Zo ook heeft de mens belangrijke werktuigen van de Kracht en waardevolle programma's van het Lot in bewaring gekregen. Wanneer de mens op deze beklemmende wereld op de grond van het aardse leven zijn spirituele mogelijkheden gebruikt voor de lusten van zijn ego, zal hij als een rottend zaadje omwille van een beetje lusten in dit korte leven, in een beklemmende plaats en in een benauwde toestand uitdoven en vergaan. Hij zal de spirituele verantwoordelijkheid op de schouders van zijn ongelukkige ziel leggen en zo deze wereld verlaten.
Wanneer dit begaafde zaadje met het water van de Islam, het licht van het geloof en in de grond van Godsdienstoefeningen wordt gevoed, een voorbeeld neemt aan de geboden van de Qur’an en zijn spirituele mogelijkheden voor de oorspronkelijke doeleinden gebruikt, zal het een gedaante aannemen dat alles heeft voor een eeuwige boom en een eeuwige werkelijkheid.
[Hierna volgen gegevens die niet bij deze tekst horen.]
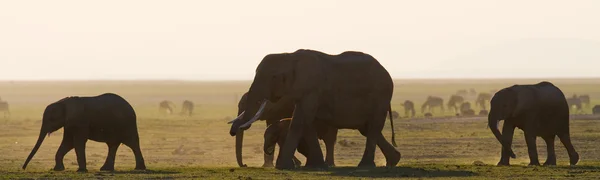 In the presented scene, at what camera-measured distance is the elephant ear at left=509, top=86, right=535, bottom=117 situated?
32219 millimetres

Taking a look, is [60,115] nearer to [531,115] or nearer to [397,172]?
[397,172]

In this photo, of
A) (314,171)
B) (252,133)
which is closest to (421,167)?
(314,171)

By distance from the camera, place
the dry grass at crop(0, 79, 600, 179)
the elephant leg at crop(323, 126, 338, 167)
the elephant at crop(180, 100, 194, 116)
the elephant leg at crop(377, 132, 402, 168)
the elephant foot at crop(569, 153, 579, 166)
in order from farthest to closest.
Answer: the elephant at crop(180, 100, 194, 116), the elephant leg at crop(323, 126, 338, 167), the elephant foot at crop(569, 153, 579, 166), the elephant leg at crop(377, 132, 402, 168), the dry grass at crop(0, 79, 600, 179)

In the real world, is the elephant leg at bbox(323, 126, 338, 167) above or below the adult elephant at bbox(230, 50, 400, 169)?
below

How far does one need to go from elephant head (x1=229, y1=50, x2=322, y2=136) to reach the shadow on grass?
1.76 meters

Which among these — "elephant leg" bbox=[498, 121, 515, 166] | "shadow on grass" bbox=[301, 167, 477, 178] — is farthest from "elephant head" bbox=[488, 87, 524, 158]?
"shadow on grass" bbox=[301, 167, 477, 178]

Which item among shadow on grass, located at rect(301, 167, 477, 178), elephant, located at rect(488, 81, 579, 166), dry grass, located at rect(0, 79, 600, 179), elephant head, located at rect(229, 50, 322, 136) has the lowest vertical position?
dry grass, located at rect(0, 79, 600, 179)

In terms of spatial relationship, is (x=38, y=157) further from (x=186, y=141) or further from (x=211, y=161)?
(x=186, y=141)

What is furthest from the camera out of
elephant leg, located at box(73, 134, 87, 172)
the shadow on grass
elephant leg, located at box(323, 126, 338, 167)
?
elephant leg, located at box(323, 126, 338, 167)

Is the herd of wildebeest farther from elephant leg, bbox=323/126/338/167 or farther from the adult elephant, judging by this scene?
elephant leg, bbox=323/126/338/167

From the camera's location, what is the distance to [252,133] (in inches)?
2270

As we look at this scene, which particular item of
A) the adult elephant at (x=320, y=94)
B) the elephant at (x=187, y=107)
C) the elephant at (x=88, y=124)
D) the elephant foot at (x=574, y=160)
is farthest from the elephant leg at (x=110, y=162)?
the elephant at (x=187, y=107)

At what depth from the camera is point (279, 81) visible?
96.4ft

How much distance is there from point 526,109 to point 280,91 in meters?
6.44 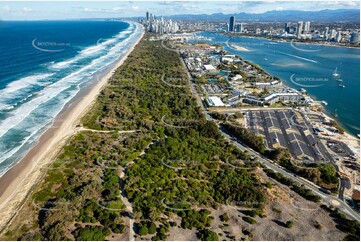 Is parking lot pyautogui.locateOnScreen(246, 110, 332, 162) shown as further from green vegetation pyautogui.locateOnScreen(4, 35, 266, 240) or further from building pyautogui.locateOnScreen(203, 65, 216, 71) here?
building pyautogui.locateOnScreen(203, 65, 216, 71)

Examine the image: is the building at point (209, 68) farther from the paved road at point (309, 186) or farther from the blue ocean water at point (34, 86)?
the paved road at point (309, 186)

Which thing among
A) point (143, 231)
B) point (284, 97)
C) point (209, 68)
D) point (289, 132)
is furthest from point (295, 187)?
point (209, 68)

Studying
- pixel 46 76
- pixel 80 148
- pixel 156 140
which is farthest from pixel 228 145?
pixel 46 76

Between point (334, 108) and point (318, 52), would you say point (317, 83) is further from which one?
point (318, 52)

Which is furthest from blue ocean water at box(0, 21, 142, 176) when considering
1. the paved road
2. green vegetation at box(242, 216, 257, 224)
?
the paved road

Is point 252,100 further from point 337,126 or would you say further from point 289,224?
point 289,224

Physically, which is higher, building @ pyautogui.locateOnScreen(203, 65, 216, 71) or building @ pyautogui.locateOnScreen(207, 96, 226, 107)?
building @ pyautogui.locateOnScreen(203, 65, 216, 71) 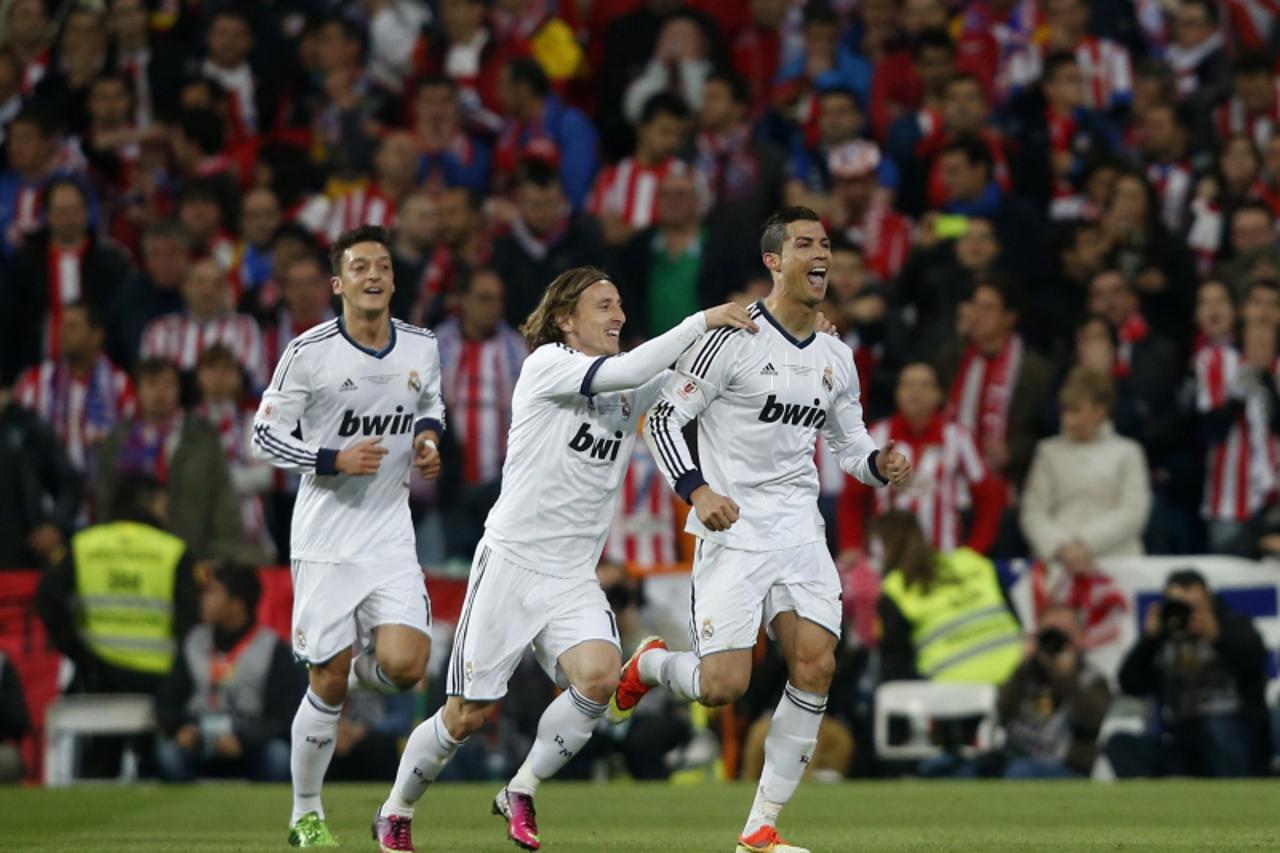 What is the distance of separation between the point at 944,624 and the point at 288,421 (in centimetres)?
569

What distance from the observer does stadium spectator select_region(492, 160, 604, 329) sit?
16484mm

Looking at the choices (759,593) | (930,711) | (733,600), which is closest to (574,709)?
(733,600)

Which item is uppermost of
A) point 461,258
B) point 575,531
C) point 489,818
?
point 461,258

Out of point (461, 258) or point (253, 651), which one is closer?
point (253, 651)

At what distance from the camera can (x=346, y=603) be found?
1038cm

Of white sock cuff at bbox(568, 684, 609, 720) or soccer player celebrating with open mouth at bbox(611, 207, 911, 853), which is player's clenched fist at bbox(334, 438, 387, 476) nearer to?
soccer player celebrating with open mouth at bbox(611, 207, 911, 853)

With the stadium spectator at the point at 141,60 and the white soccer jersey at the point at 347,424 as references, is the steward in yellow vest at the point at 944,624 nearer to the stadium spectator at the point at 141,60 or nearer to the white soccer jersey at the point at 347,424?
the white soccer jersey at the point at 347,424

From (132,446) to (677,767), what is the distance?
4.18 metres

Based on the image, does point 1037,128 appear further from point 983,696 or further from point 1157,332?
point 983,696

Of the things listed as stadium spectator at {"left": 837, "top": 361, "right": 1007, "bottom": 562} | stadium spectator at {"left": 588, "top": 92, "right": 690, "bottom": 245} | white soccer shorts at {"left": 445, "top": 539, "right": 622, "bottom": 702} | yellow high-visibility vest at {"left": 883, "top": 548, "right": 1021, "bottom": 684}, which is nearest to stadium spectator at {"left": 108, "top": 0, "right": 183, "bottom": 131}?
stadium spectator at {"left": 588, "top": 92, "right": 690, "bottom": 245}

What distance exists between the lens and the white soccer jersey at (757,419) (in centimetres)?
986

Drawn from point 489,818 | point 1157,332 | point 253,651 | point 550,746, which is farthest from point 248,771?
point 1157,332

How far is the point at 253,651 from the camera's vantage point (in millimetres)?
14742

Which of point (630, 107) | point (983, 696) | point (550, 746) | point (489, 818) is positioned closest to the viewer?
point (550, 746) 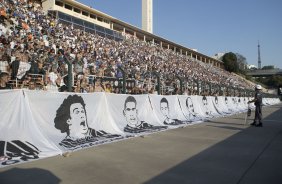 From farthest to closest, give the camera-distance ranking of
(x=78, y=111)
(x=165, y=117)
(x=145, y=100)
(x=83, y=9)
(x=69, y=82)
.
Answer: (x=83, y=9) → (x=165, y=117) → (x=145, y=100) → (x=69, y=82) → (x=78, y=111)

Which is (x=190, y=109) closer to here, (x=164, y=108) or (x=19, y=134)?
(x=164, y=108)

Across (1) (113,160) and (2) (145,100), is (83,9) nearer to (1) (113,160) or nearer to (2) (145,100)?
(2) (145,100)

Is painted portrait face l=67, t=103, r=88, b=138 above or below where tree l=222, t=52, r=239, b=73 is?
below

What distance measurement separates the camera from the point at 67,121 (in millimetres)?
8203

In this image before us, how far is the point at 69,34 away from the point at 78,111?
16.4 meters

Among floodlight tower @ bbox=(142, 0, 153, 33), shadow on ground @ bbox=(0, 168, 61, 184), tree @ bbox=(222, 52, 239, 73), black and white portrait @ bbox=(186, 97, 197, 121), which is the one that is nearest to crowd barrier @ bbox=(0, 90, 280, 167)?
shadow on ground @ bbox=(0, 168, 61, 184)

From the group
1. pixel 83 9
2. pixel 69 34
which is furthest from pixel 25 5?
pixel 83 9

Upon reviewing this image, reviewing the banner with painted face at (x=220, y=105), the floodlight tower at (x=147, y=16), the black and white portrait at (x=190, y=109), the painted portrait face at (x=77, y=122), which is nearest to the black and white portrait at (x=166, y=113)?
the black and white portrait at (x=190, y=109)

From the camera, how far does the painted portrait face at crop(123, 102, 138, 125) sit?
438 inches

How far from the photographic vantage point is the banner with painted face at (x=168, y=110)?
524 inches

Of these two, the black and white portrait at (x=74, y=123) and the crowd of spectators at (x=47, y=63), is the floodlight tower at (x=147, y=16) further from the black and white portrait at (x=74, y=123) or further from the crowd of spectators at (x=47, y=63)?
the black and white portrait at (x=74, y=123)

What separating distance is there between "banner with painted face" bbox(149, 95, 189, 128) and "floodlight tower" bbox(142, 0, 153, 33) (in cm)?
6705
Het zal een mooie voorziening, een verlichte en gezegende vrucht van deze wereldboom worden en het zal zich in deze wereld en in de tussenwereld vertakken en de oorzaak zijn voor perfecties en gunsten in het hiernamaals en in het paradijs.
Jazeker, echte vooruitgang bereikt de mens door het gezicht van zijn hart, de verborgen gedachten in zijn hart, ziel en verstand, zelfs zijn gedachten en andere zintuigen op het eeuwige leven te richten en ieder zintuig bezig te laten zijn met een eigen, bij deze zintuig passende Godsdienstoefening.
Want wat de dwalenden denken dat vooruitgang is, –alles doen wat in dit aardse leven mogelijk is en alle soorten plezier en genot, zelfs het laagste dat er is, te willen ervaren en zijn hart, verstand en al zijn eigenschappen te onderwerpen aan zijn ego dat alles wil wat slecht is– is geen vooruitgang maar een verval.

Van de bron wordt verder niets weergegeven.